--- Material for this exercise ---

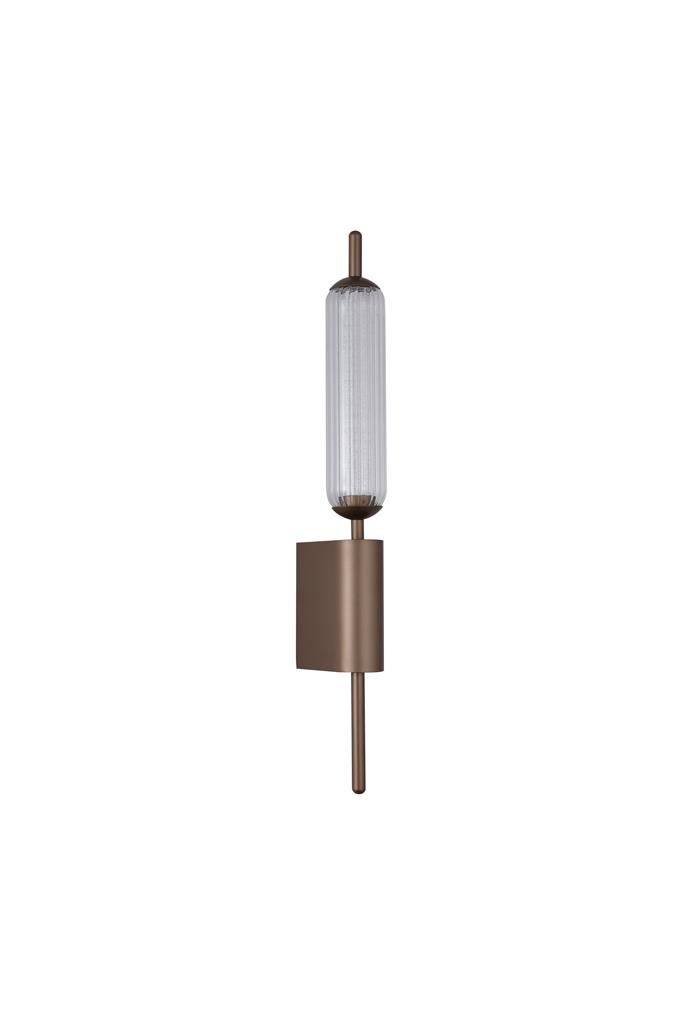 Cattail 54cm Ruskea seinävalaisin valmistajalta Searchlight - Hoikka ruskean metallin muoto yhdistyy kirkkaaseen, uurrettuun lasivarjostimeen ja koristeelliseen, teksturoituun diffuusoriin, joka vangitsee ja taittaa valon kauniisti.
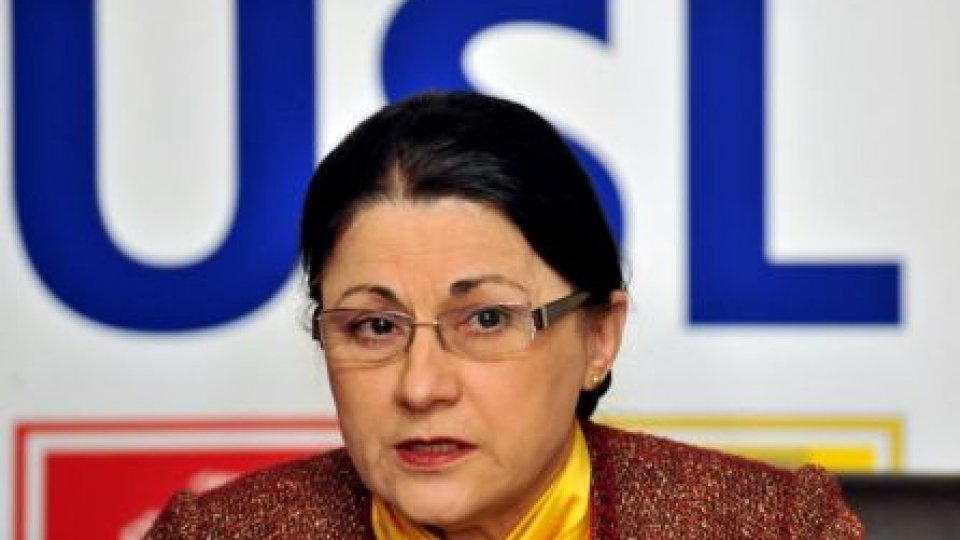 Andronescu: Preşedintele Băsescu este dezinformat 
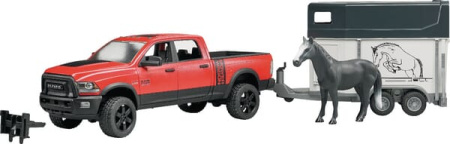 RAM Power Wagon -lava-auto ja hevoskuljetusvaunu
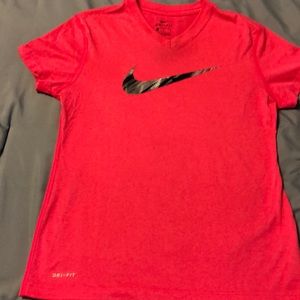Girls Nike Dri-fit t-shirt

---
--- Material for this exercise ---

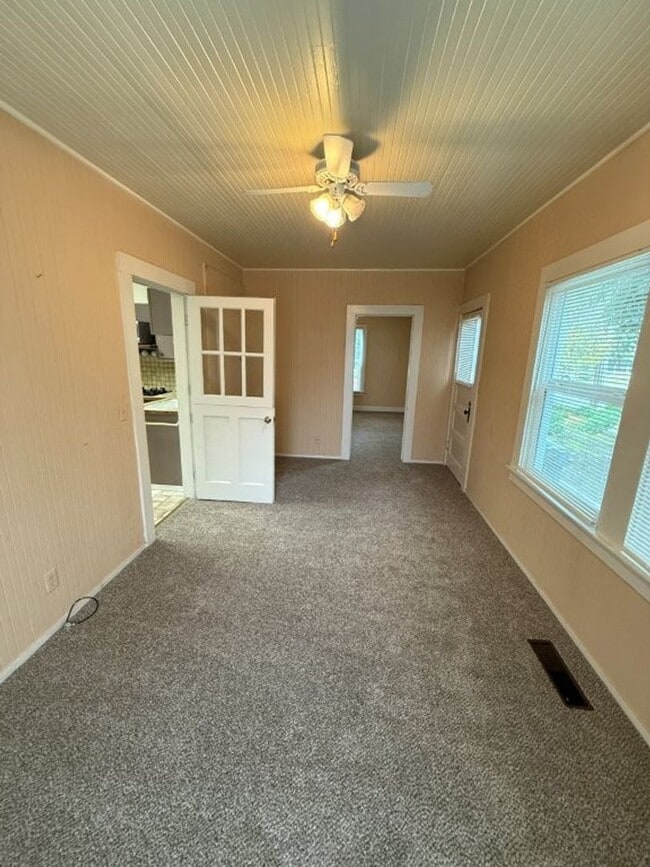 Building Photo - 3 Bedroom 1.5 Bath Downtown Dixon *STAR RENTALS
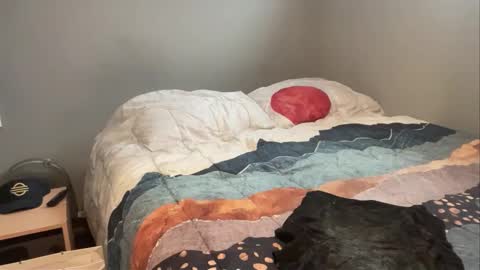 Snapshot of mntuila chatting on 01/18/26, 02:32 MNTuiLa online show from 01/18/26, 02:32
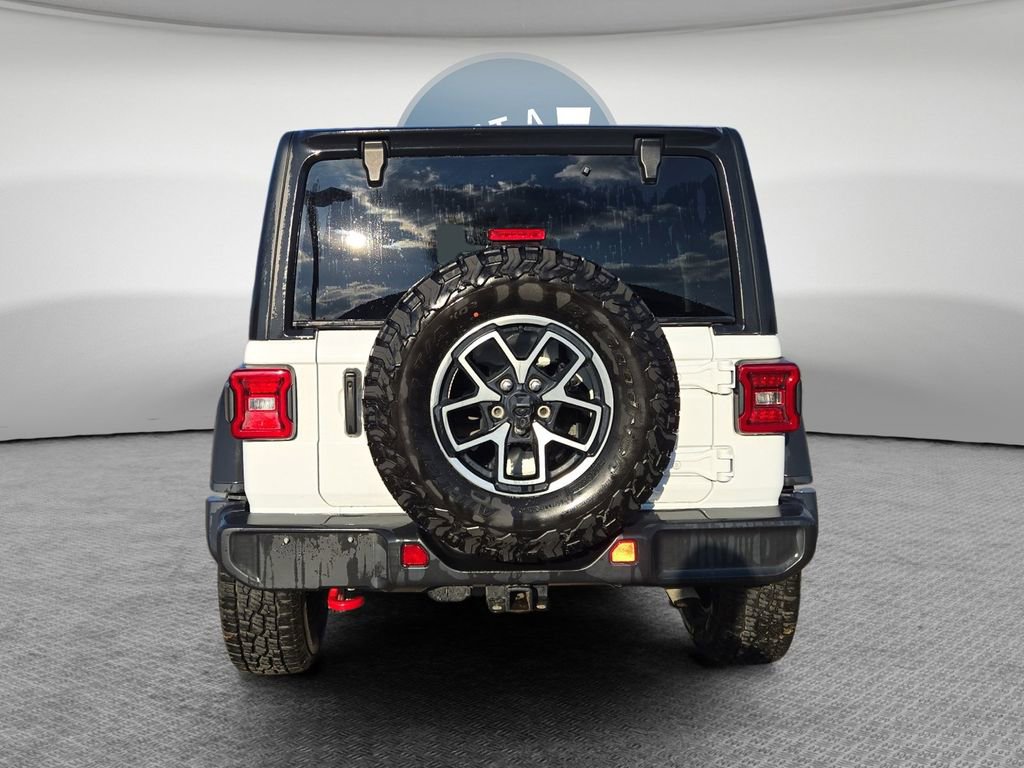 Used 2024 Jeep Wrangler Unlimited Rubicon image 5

---
--- Material for this exercise ---

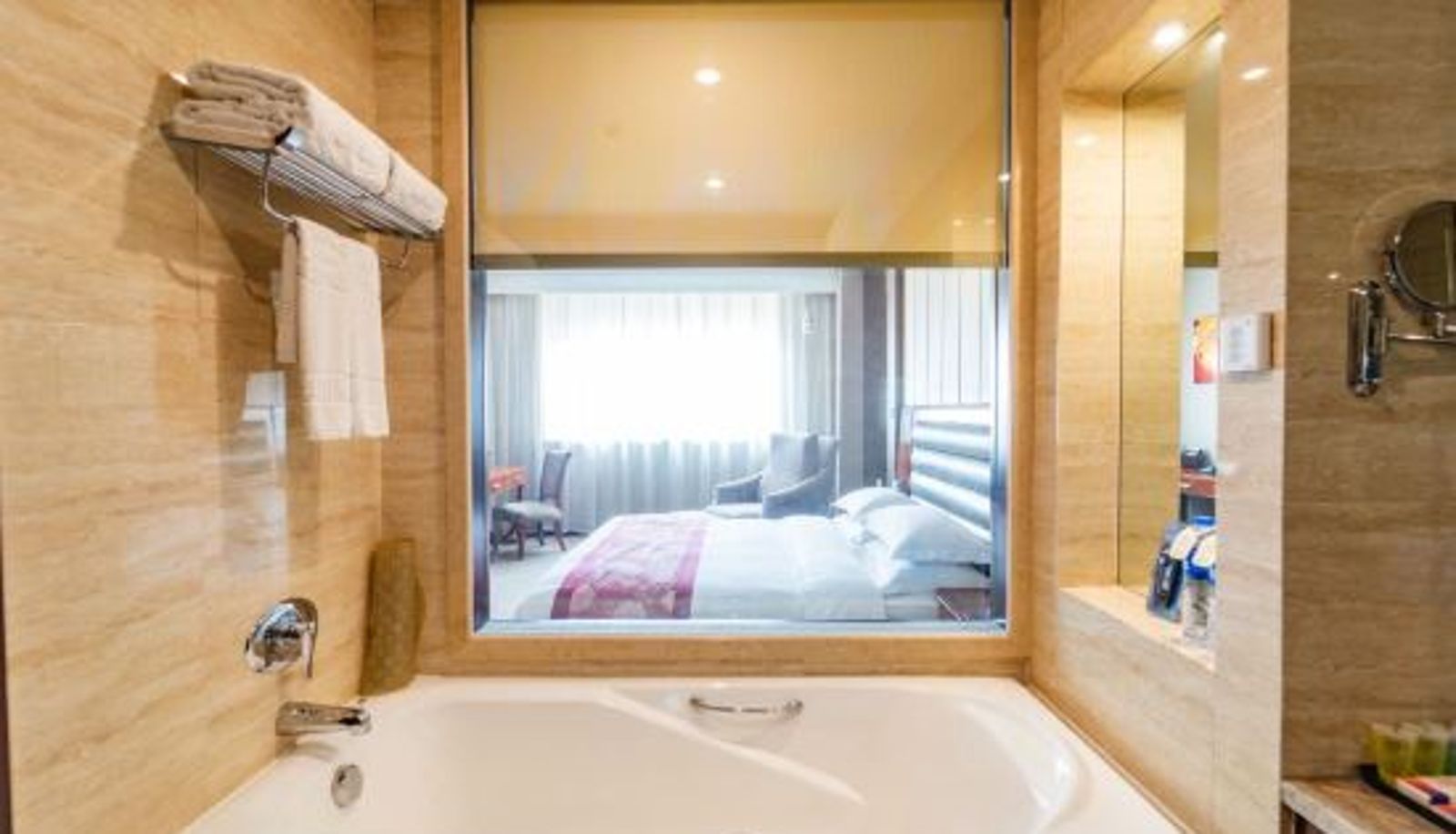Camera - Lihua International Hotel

---

* **Required work**:
From the line containing "RAM Power Wagon" through the line containing "Girls Nike Dri-fit t-shirt", copy every line above exactly, without pictures.

* **Task result**:
 RAM Power Wagon -lava-auto ja hevoskuljetusvaunu
Girls Nike Dri-fit t-shirt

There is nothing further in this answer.